For the Jew in Jesus’ day, like Nathanael, there was a treasury of scripture that beckoned the people of Israel to be free of deceit. Apparently, God thought deceit unbecoming of his people. Certainly Nathanael, though a rare breed indeed, was nowhere near perfect. No, he blundered, fumbled, fouled and erred, but he did so honestly. And when new information presented itself, he was none-too-proud to stand corrected. To change position, to shift viewpoints, to reexamine what he thought he already knew.

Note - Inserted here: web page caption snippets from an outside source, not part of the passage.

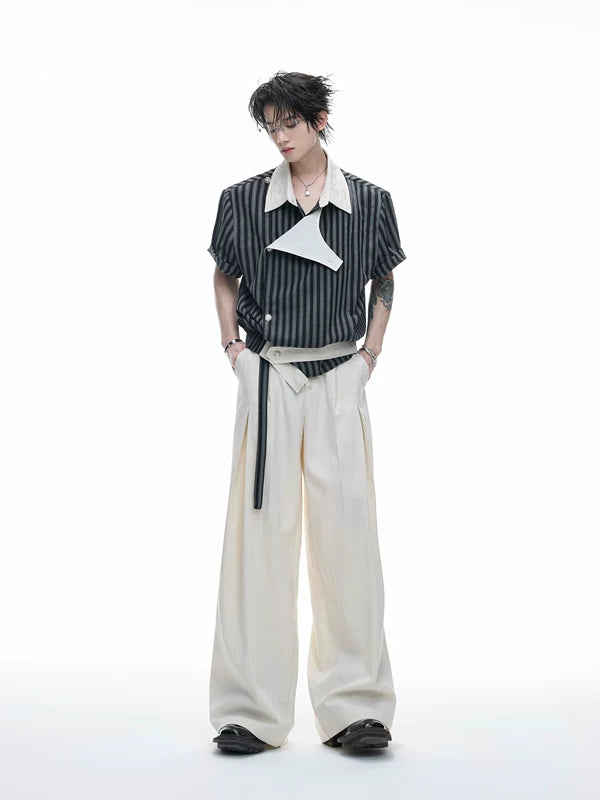 Embroidered Striped Asymmetrical Short-Sleeve Shirt 3
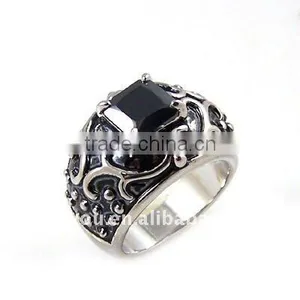 Vintage Black Cz Cocktail Ring thumbnail-1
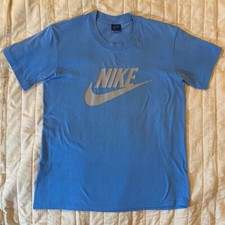 VTG 80s Nike Shirt Mens Large Blue Swoosh Logo Spell Out Single Stitch USA Made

Becoming a person in whom there is no deceit might be harder for some of us than others, but what Jesus promises to those who see him rightly is beyond human measurement. We don’t have the scales for these sorts of blessings. For my part, I’m thankful for this very short story included in the Gospel of John because it reminds me to go and see, to humbly reexamine what I think I already know, to remember that Jesus sees all, and because of this, I can trust that the blessings to come far outweigh the earthly ones I tend to seek first. Under my own fig tree, I wait and believe.
- Psalm 32:2
Blessed is the man unto whom the LORD imputeth not iniquity, and in whose spirit there is no guile.
- Psalm 34:13
Keep your tongue from evil and your lips from deceitful speech.